Solved – Basic structure of linear regression equation for s-shaped response curve

data transformationeconometricsregression

Can anyone enlighten me with the equation structure for the following basic theoretical (although common) scenario:

Sales, $S$, are related to "Advertising", $A$, such that when $A$ is small $S$ grows exponentially, and when $A$ is large, $S$ grows more slowly until at some point any increase in $A$ produces zero increase in $S$. So, a typical S-shaped response to advertising.

The total number of sales made in any period in the market is $T$. So our average market share works out as $\Sigma S/\Sigma T$. When advertising is zero, our sales are static at some level $s$ (i.e. the effect some other supporting influence other than advertising).

I know this can be solved through linear regression by transforming the variables, but I'm struggling to get my head around the most basic version of this – essentially $f(S) =\gamma+ \beta g(A)+\epsilon $, (with $\gamma$ being some intercept (possibly $0$) and $\epsilon$ being residuals) but what do $f$ and $g$ look like, and therefore what does the equation look like that I need to solve to estimate $S$?

EDIT

To show how the final equation would look, I have the logit transform in mind, so I'm looking for how the logit transform is applied using the parameters in the question, then what the final equation would look like with the transformations in place.

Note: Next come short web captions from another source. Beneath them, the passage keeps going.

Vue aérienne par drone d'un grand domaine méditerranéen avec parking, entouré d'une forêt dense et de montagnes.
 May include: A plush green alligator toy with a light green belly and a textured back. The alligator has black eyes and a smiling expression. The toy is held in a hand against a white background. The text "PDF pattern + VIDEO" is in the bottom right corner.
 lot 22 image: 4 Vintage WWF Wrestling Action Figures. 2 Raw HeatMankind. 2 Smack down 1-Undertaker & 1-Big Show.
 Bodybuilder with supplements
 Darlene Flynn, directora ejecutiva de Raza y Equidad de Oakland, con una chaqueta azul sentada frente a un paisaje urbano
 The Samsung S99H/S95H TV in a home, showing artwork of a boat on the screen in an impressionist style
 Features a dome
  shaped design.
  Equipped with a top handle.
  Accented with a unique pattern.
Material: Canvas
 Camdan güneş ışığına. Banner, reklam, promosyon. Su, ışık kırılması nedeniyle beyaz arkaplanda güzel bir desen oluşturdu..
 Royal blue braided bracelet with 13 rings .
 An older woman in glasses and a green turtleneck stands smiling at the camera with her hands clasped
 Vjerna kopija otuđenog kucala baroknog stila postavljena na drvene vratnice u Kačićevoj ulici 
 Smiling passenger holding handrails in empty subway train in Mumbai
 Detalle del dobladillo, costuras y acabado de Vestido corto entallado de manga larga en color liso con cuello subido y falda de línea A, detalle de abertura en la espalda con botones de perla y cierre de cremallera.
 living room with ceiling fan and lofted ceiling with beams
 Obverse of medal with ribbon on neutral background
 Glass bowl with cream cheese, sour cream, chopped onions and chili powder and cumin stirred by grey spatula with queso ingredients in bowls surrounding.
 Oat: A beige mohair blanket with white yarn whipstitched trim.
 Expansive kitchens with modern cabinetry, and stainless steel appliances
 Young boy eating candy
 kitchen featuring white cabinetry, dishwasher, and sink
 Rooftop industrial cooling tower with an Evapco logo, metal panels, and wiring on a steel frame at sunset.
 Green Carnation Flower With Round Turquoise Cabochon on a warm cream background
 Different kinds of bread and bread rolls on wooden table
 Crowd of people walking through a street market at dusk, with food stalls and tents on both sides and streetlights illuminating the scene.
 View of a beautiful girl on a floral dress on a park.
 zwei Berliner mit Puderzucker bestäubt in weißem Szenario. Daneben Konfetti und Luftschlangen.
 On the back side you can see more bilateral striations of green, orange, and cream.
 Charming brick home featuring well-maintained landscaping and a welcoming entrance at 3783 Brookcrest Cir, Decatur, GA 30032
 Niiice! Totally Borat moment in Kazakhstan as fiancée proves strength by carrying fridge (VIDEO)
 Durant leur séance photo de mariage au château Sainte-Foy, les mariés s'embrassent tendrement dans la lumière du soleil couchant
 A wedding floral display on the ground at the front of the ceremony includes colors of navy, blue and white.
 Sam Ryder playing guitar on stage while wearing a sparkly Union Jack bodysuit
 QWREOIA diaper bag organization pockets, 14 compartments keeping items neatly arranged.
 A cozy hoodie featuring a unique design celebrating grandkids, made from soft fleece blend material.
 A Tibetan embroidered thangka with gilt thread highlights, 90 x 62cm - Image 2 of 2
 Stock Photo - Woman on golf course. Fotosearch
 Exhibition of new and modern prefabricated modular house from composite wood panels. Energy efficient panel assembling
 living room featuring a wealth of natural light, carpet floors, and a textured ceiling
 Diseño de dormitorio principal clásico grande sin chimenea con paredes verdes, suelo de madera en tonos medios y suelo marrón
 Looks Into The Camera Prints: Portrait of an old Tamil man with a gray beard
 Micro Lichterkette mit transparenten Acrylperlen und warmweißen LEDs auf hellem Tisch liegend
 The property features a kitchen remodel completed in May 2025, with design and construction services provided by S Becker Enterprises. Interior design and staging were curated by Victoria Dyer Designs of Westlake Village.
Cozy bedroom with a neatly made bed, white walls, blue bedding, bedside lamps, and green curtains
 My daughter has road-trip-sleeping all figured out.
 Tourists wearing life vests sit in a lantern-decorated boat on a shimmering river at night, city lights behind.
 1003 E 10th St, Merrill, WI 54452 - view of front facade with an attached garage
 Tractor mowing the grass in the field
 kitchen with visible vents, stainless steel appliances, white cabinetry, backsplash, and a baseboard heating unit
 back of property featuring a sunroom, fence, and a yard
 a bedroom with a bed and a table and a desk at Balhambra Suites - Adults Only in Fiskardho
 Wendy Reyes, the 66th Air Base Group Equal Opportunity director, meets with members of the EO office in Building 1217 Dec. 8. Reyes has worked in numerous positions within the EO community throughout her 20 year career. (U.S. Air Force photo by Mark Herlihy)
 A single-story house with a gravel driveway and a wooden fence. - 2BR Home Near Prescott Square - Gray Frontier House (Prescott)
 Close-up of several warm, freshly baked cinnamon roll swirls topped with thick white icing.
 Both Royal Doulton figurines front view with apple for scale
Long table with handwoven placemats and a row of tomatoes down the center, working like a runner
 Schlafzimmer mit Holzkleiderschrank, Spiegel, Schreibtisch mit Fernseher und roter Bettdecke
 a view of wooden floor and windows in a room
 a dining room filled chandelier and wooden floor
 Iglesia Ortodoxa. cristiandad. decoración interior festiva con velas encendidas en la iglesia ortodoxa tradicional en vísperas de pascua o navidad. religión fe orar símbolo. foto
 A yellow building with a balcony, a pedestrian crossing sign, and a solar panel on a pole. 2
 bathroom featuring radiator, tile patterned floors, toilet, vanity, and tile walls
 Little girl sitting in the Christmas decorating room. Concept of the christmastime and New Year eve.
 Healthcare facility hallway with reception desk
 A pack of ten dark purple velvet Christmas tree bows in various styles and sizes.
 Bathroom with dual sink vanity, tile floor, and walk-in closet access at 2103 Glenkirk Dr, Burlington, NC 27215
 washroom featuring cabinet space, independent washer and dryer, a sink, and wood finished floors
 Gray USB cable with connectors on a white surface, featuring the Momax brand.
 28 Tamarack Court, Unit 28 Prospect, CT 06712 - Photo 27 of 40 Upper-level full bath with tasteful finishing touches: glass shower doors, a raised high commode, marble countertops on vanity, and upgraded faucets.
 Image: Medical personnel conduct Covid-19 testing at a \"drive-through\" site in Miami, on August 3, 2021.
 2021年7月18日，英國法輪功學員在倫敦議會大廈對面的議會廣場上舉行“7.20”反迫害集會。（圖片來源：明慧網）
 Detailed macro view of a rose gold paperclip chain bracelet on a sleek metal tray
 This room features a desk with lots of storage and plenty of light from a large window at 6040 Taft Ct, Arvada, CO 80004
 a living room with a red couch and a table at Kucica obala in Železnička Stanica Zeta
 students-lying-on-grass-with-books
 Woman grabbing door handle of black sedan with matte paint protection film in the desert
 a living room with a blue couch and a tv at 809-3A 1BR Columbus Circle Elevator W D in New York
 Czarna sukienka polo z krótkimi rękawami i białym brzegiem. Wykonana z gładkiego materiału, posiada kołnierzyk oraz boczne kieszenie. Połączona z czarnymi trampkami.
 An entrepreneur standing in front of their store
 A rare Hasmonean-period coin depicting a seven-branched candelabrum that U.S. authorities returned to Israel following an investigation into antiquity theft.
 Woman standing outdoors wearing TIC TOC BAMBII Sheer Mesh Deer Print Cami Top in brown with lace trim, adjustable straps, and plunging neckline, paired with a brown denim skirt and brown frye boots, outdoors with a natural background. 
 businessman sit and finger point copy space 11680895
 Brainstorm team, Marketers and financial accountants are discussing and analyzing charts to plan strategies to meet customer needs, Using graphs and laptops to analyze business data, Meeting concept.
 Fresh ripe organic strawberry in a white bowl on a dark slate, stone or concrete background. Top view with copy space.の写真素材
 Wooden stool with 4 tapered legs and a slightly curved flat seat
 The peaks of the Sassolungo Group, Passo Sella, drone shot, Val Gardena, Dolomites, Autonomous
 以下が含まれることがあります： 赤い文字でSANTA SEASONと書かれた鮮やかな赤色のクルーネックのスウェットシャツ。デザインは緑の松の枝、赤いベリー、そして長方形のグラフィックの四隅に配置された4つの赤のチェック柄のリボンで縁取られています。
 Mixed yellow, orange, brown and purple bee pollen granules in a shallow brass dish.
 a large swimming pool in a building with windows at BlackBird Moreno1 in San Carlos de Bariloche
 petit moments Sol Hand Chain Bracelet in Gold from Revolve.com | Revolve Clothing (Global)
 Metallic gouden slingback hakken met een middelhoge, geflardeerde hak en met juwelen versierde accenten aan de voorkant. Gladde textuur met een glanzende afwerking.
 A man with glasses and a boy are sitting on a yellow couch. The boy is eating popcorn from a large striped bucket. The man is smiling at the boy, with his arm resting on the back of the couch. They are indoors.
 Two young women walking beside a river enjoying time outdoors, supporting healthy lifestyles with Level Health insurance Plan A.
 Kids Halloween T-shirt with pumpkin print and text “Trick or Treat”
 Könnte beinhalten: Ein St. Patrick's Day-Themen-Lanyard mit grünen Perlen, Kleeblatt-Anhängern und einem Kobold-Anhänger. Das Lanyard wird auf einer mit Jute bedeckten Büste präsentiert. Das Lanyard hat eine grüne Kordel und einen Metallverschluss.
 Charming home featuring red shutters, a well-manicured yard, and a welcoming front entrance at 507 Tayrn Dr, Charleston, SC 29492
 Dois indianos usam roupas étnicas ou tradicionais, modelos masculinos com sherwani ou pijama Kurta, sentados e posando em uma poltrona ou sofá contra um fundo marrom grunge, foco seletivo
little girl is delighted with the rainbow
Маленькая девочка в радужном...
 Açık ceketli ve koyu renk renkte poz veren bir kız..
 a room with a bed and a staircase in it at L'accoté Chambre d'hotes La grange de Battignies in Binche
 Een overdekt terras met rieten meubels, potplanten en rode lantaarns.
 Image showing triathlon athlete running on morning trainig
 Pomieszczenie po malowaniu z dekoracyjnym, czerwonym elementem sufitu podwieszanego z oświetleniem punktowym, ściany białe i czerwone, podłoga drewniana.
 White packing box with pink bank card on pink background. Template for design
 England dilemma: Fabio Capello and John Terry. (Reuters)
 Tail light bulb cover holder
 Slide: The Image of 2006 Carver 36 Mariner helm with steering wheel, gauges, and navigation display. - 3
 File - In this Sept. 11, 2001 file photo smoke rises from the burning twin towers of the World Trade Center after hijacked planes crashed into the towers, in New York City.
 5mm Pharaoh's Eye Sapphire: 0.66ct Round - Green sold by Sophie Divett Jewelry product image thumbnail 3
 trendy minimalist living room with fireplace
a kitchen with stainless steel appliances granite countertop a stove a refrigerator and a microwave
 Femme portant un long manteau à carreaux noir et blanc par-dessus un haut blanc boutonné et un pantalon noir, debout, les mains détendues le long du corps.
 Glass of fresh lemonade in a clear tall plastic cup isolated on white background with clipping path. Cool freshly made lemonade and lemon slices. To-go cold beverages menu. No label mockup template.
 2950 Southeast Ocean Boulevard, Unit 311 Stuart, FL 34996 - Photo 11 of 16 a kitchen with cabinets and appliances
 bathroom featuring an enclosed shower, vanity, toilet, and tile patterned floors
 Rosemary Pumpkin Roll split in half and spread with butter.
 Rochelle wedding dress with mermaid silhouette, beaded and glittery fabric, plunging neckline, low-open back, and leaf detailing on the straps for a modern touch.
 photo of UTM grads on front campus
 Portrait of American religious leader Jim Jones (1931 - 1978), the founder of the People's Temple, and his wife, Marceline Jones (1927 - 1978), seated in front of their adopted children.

In addition, I'm specifically looking for a form to solve via linear regression rater than anything non-linear.

Best Answer

Possible S-shaped transformations are the logit ($log(x/(1-x))$) and the complementary log-log ($log(-log(x))$) to name a couple. See https://en.wikipedia.org/wiki/Sigmoid_function for more.

In your case, it is hard to say whether to transform the outcome ($S$) or the predictor ($A$) without seeing the data. If you'd start with transforming the predictor using logit transformation and then fitting your model, the final regression formula would look like this:

$S=γ+β*log(A/(1-A))+ϵ$ *

*Note that the logit and cloglog transformation will have trouble with data outside the $[0,1]$ range. This happens for most sigmoid functions. To use these transformations, you will need to transform the data if the data range is outside of the $[0,1]$. By suggestion of OP:

$A$ can be brought to the $[0,1]$ range by: $A′=(A+1)/(max(A)+2)$

the full regression formula would then be:

$S=γ+β*log(A′/(1-A′))+ϵ$

$= γ+β*log(((A+1)/(max(A)+2))/(1-((A+1)/(max(A)+2))))+ϵ$

A more straightforward approach to this non-linear association between advertising and sales would be to use a spline function. That way you are not so much dependent on 'accidentally' picking a more or less properly fitting transformation and the preprocessing is not needed! Implementation of splines in regression models can be done in R using, for example, the rms package.